A “palimpsest” is a manuscript or other piece of writing material from which original writing has been erased to make way for new writing, but on which traces of the original work remain. The word arose in the mid 17th century and comes from the Greek adjective palímpsēstos, meaning “scraped again”. This adjective comprises two roots: the adverb pálin “again” and the verb psáō “to rub smooth”.

Note that while the word “palimpsest” usually refers to reused manuscript paper, it can also be used to mean “something reused or altered but still bearing visible traces of its earlier form”. In the editing world, this can double as a definition for a written work that’s gone through enough revisions to change most of the rough draft. If you really want to get creative, you can try to find a use for the adjective form “palimpsestic”, which means “relating to palimpsests”. If you spend much of your time writing and rewriting manuscripts (or have your characters do the same), “palimpsest” is a good word to know!

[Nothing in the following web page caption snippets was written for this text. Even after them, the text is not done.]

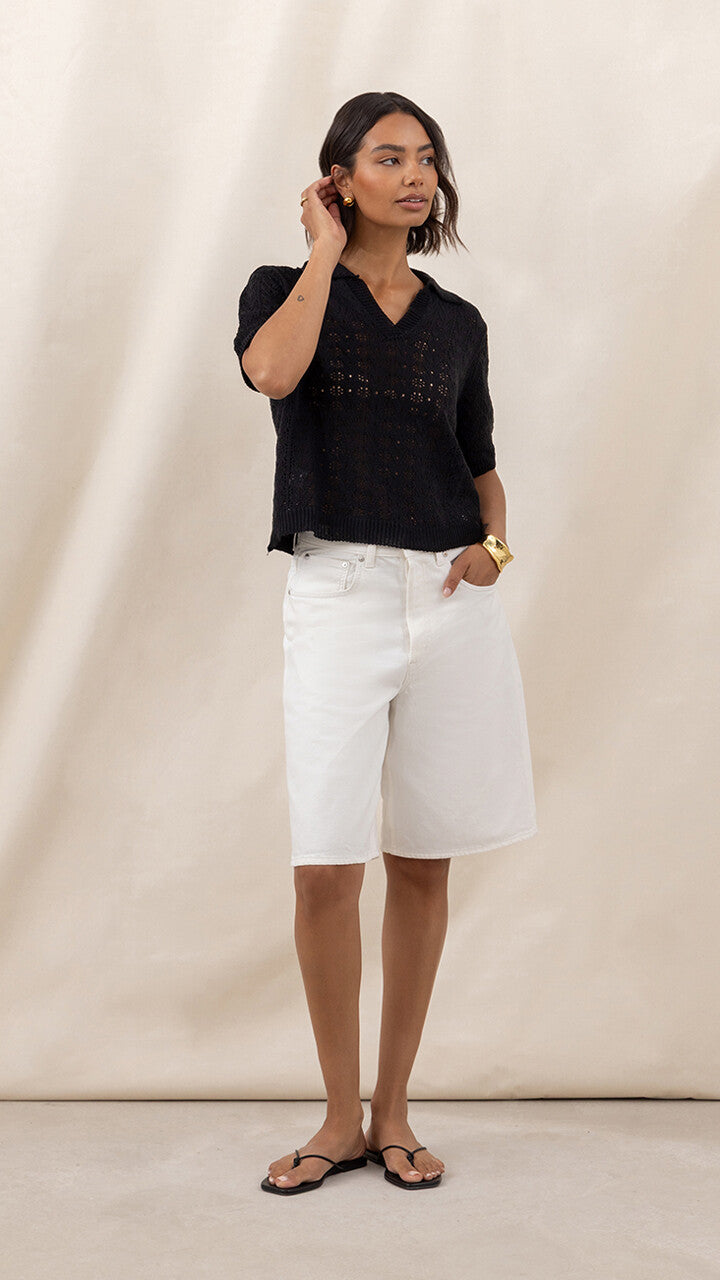 Letty Crochet Top - Black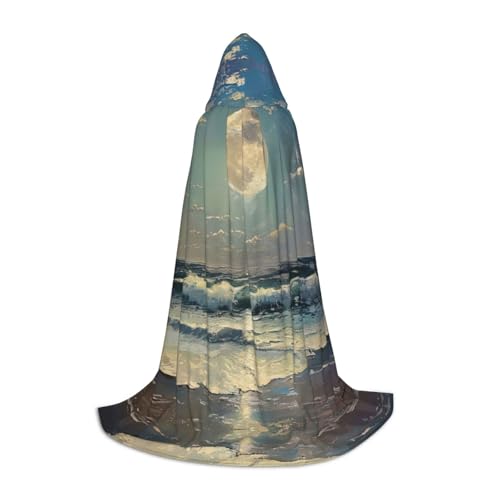 SDEGTHO Mond und Meer Halloween Kapuzenumhang Langer Kapuzenumhang Karneval Umhang Kostüme Kapuzenumhang Maskerade SDEGTHO Mond und Meer Halloween Kapuzenumhang Langer Kapuzenumhang Karneval Umhang Kostüme Kapuzenumhang Maskerade von SDEGTHO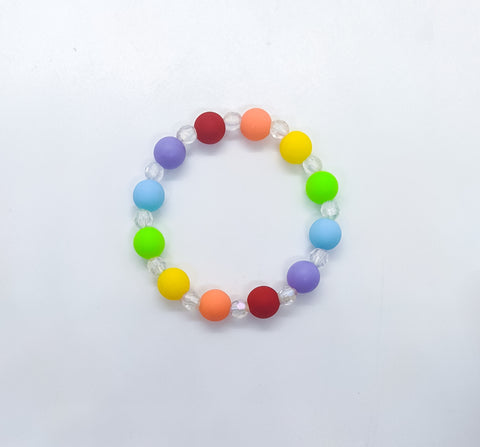 Rainbow & Crystals Power Bracelet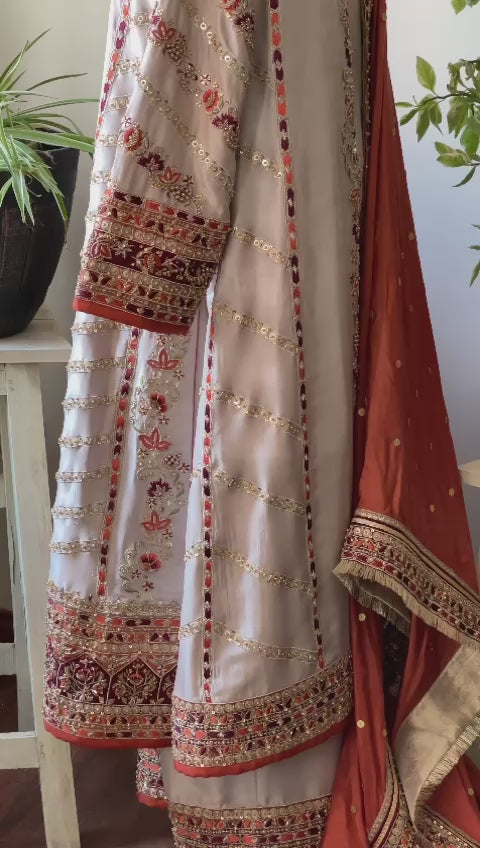 Regal Ember – Handcrafted Formal Ensemble
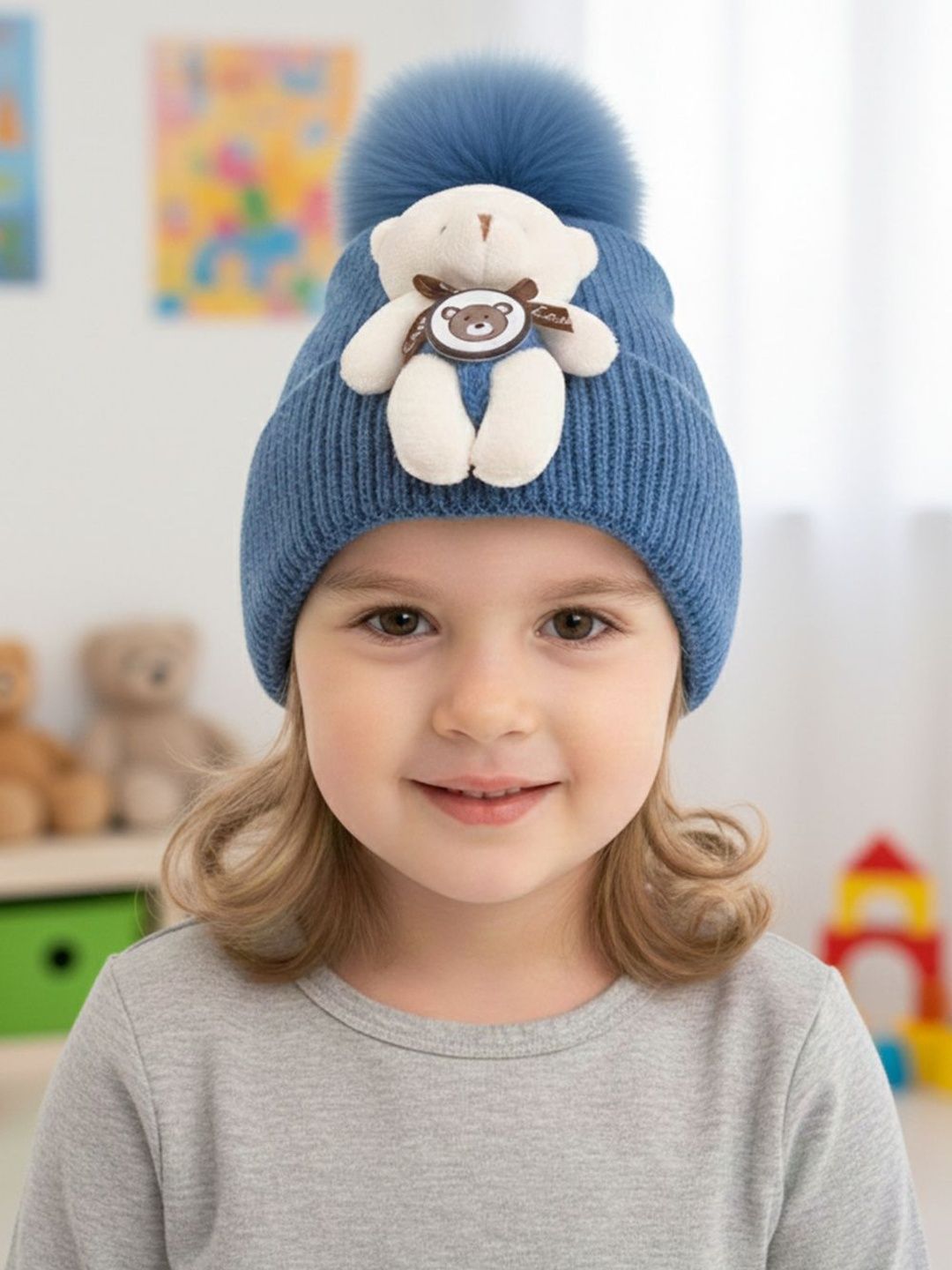 THE WEAVERS SHOP BY RAAVI Unisex Kids Beanie-picture-39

What are your thoughts on this word? Any suggestions for future “Word of the Week” featured words?

Word of the Week: Venerable

Word: venerable

Pronunciation: VE-n(ə)r-ə-b(ə)l

Part of Speech: adjective

Definition: accorded a great deal of respect, especially because of age, wisdom, or character

Source: Oxford Dictionaries


It’s Memorial Day in the US, a time to remember and revere the brave men and women who have died while serving in the military, so for today’s Word of the Week, I felt it appropriate to feature a vocabulary word related to respect. I’ve used this word several times before to describe people and characters worthy of high esteem, which is why I consider it especially fitting for today. After all, there are few people more “venerable” than those willing to risk their lives for the love of their country!

A “venerable” person is someone who deserves great respect, particularly due to character, age, or wisdom. The word arose in late Middle English and comes from the Latin adjective venerabilis, meaning “respectable”. This adjective stems from the verb venerari, which means “to adore”.

In a more historical context, “venerable” is also used by the Catholic Church as “a title given to a deceased person who has attained a certain degree of sanctity but has not been fully beatified or canonized”, as well as by the Anglican Church as “a title given to an archdeacon”. Also worth noting is this adjective’s relation to the verb “venerate”, which means to “regard with great respect”. If you look up to certain people whose words and actions warrant reverence, you already have great inspiration for some “venerable” characters in your stories!

What are your thoughts on this word? Any suggestions for future “Word of the Week” featured words?

Word of the Week: Prelude

Word: prelude

Pronunciation: PRE-l(y)ood / PRAY-l(y)ood

Part of Speech: noun

Definition: an action or event serving as an introduction to something more important

Source: Oxford Dictionaries


Here’s a relatively common word that every writer should know. Sometimes when writing fiction, you may want to set up the world of your story before diving into the plot. In this case, a short introduction might be a good option to help you set the tone for the rest of your work. For writers and musicians especially, the “prelude” is a handy tool to keep in your arsenal!

A “prelude” is an event or action that serves as an introduction to something more important. The word arose in the mid 16th century and traces back through the French noun prélude to the Latin verb praeludere, meaning “to play beforehand”. This verb consists of the preposition prae “before” and the verb ludere “to play”.

In the context of art, a “prelude” is an introduction to a piece of music or literary work, such as an orchestral opening to an opera act or an introductory part of a poem. The word can also be used as a verb to mean “serve as a prelude or introduction to”. If you need to introduce important events or you like to include opening pieces in your stories or poetry (or have your characters do the same), “prelude” is a good word to know!